Revisiter la façon de faire la ville pour l’adapter au changement climatique
Le PLU bioclimatique dont espère se doter la ville de Paris mettra l’accent notamment sur le logement social, la mairie souhaitant atteindre un taux de 30 %, la loi SRU fixant ce seuil à 25 % en 2025. Pour ce faire, la production va être renforcée sur les zones en déficit notamment le centre et l’ouest de Paris. « Nous allons identifier des zones d’hyper déficit pour mettre encore davantage l’accent sur ces secteurs », a expliqué Stéphane Leclerc, directeur de l’urbanisme de la Ville. Il est également prévu de renforcer la servitude imposant un taux de social à partir d’un certain nombre de mètres carrés construits. Pour développer l’offre en logements abordables, le bail réel solidaire (BRS) sera intégré à cette servitude de mixité sociale prévue dans le PLU et des emplacements seront réservés.
Face au déséquilibre fonctionnel entre les secteurs, le futur PLU prévoira de diminuer les surfaces de bureaux dans les programmes d’opérations en cours et de favoriser la production de logements et les activités hors tertiaires. La règle de « protection de l’habitation » sera reconduite et le potentiel d’extension de 10 % des surfaces d’activités économiques possible actuellement sera supprimé. Une règle spécifique dite de « servitude de mixité fonctionnelle » est à l’étude.

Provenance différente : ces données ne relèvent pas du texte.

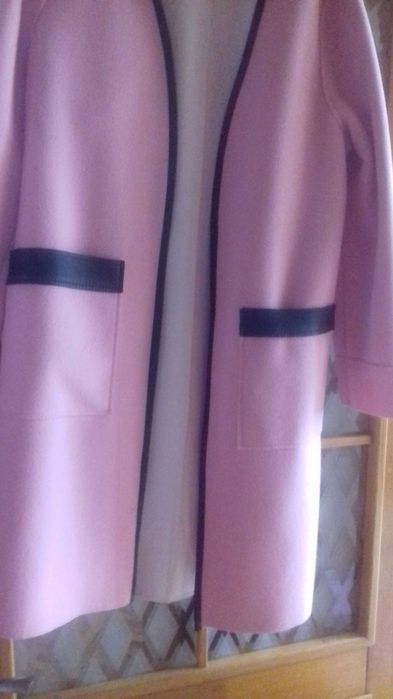 модне пальто-тренч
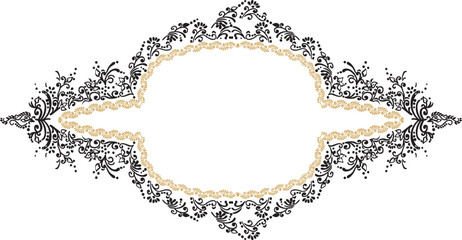 meter pattern consisting of lines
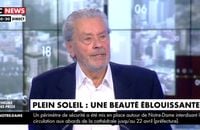 Alain Delon invité de Pascal Praud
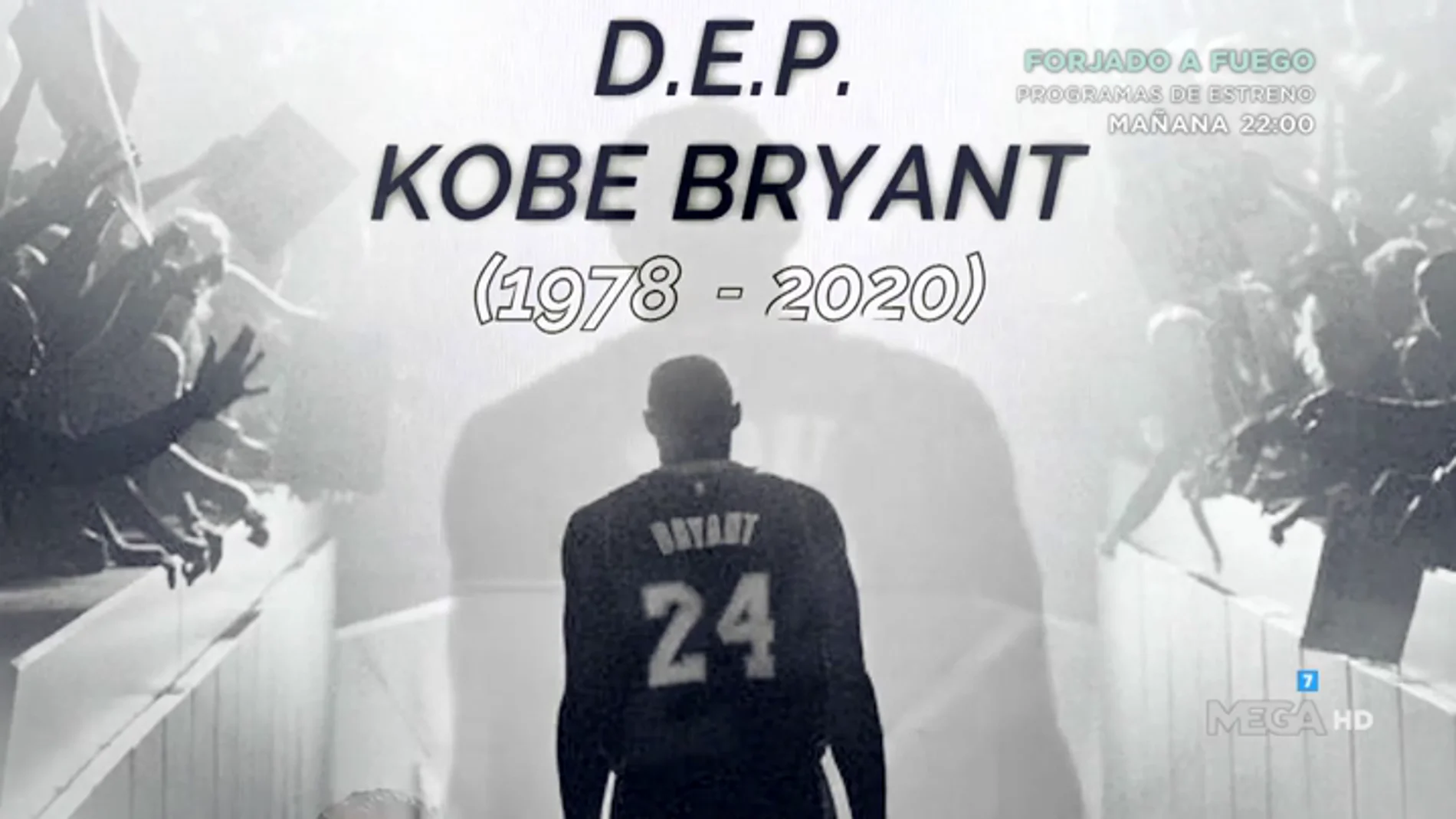 Fallece Kobe Bryant en un trágico accidente de helicóptero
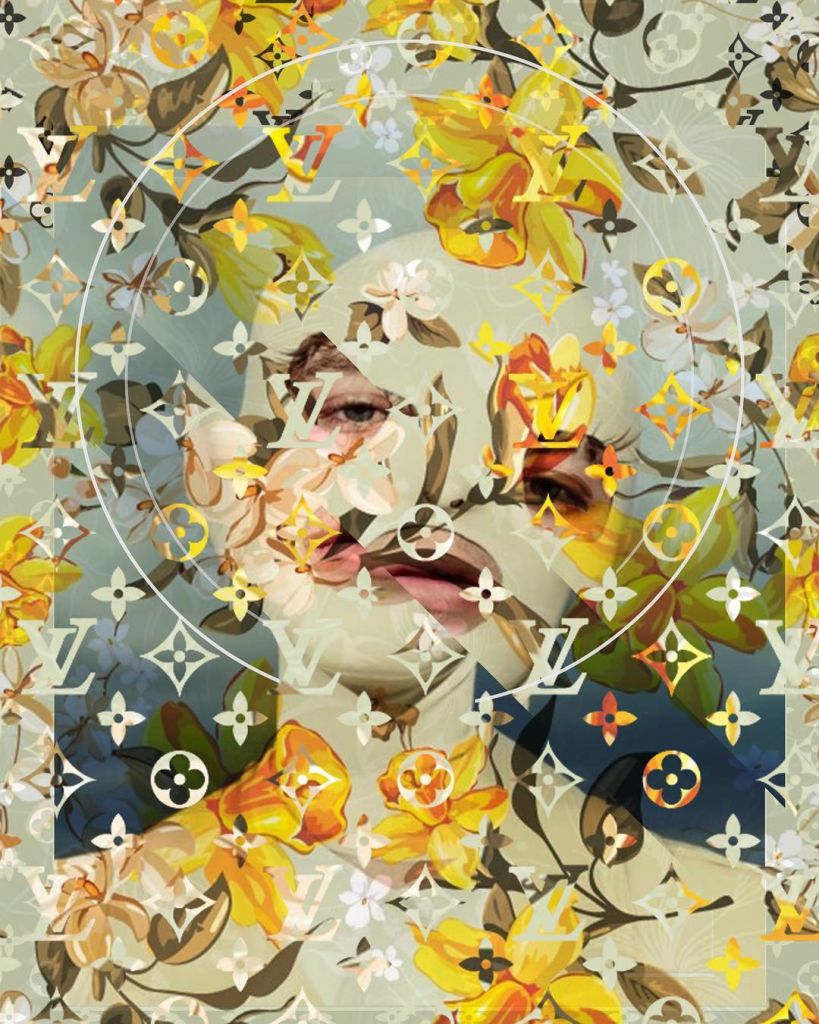 Τα μοναδικά κολάζ της Molly Scannell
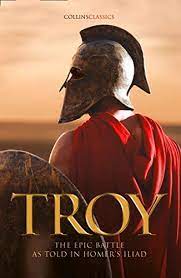 [9780008275952-1] Troy : The Epic Battle As Told In Homers Iliad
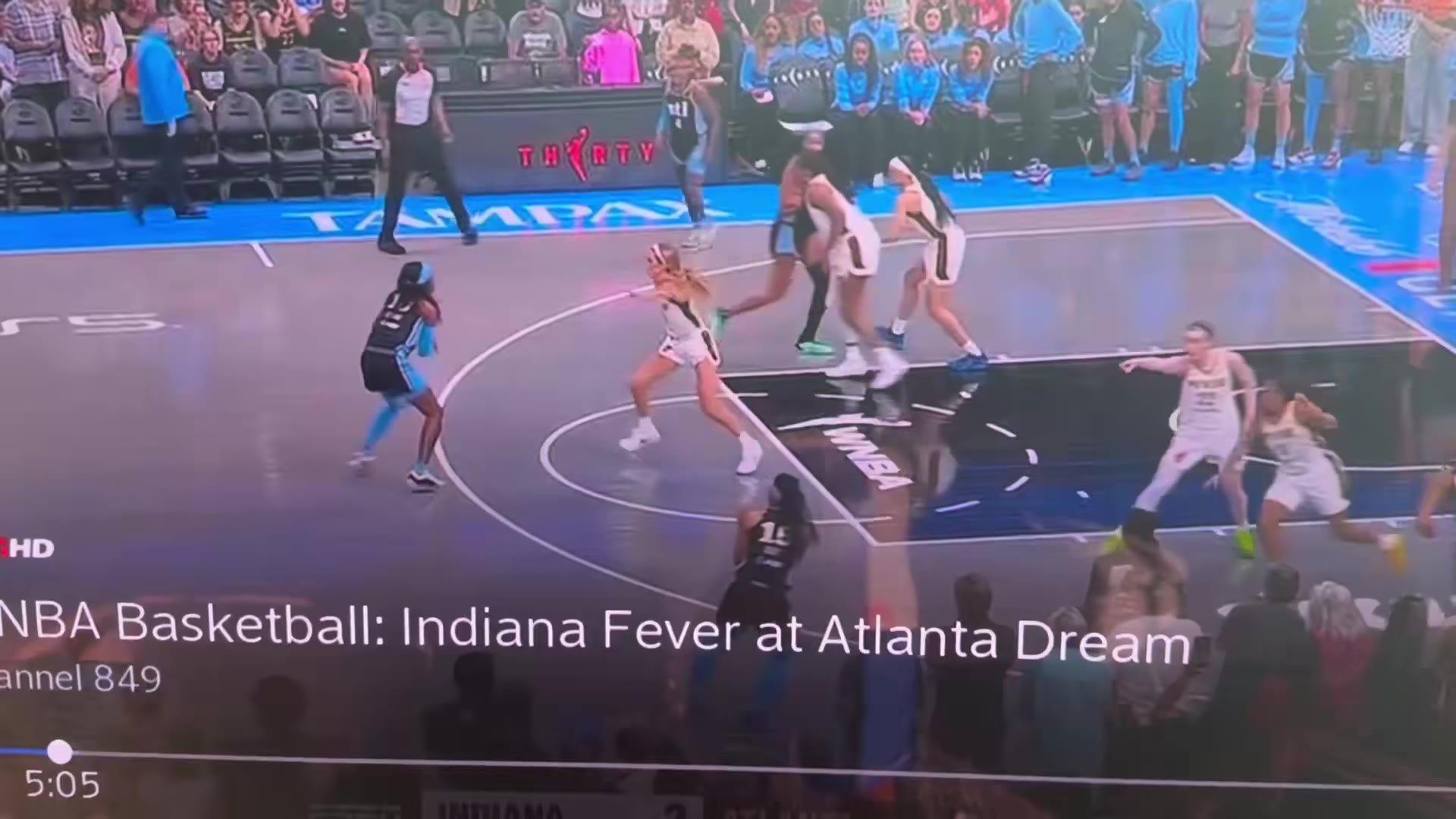 Dave Portnoy: Swish! https://t.co/1VnHcVLC0q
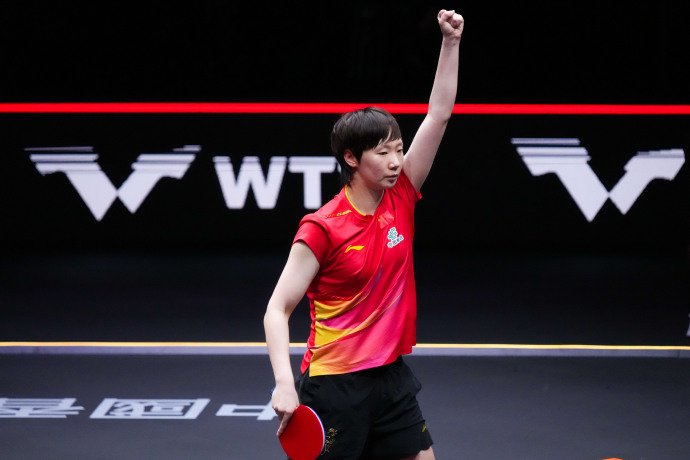 王曼昱妇女节送祝福，中国奥委会发文致敬女性力量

Introduction de la notion de « séquence urbaine »
En matière de réduction de l’empreinte carbone des bâtiments résidentiels, la ville de Paris compte s’appuyer sur les leviers de la RE 2020 pour édicter les nouvelles règles de son PLU concernant les constructions neuves et les extensions à partir de 150 m2, « en recherchant des exigences plus fortes » en matière de sobriété, de réduction des consommations énergétiques, d’intégration d’énergie décarbonée dans le mix énergétique… « Le raccordement au réseau de chaleur de la Ville sera imposé », annonce Stéphane Leclerc. La réversibilité et la réutilisation de l’existant seront privilégiées, il faudra « faire en sorte que le bâti ait plusieurs vies », poursuit le directeur de l’urbanisme.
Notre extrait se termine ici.